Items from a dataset
● ● ● ● ● ● ●
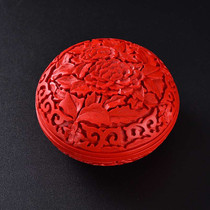 Lacquerware Lacquer Engraving first decorated box folk special handicraft Chinese windy gift giving old foreign souvenir small gift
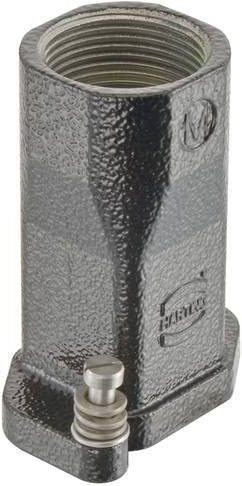 HARTING Tüllengehäuse 19 40 703 0401 aus Kunststoff in Grau - Bild 1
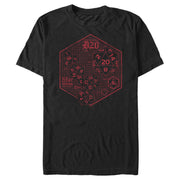 Men's Dungeons & Dragons Icosahedron Schematic  Adult T-Shirt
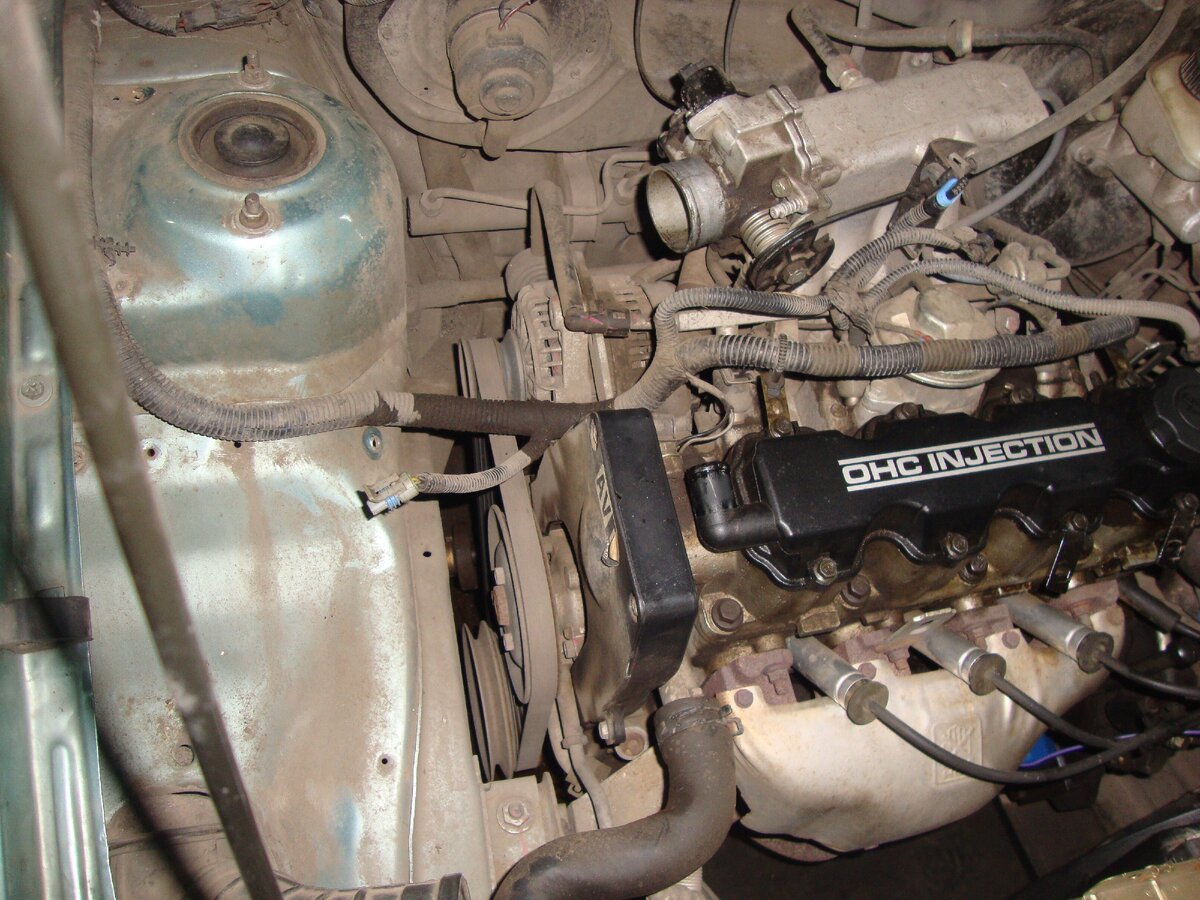 Снятие и установка термостата без снятия ремня ГРМ Chevrolet Lanos 2005 - 2009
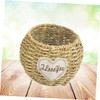 LABRIMP Collapsible Willow Basket Rustic Wicker Flower Planter Decorative Rattan
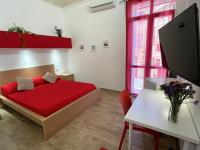 Televízia a/alebo spoločenská miestnosť v ubytovaní Sea View Teti Rooms & Apts
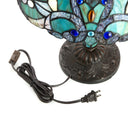 20"H Tiffany Style Magna Carta Stained Glass Double Lit Table Lamp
● ● ● ● ● ● ●
ACTIVITY
Your task is to repeat exactly the lines from the beginning of the data to the line that contains "Снятие и установка", both ends included, leaving out pictures.

TASK RESPONSE
 Lacquerware Lacquer Engraving first decorated box folk special handicraft Chinese windy gift giving old foreign souvenir small gift
 HARTING Tüllengehäuse 19 40 703 0401 aus Kunststoff in Grau - Bild 1
 Men's Dungeons & Dragons Icosahedron Schematic  Adult T-Shirt
 Снятие и установка термостата без снятия ремня ГРМ Chevrolet Lanos 2005 - 2009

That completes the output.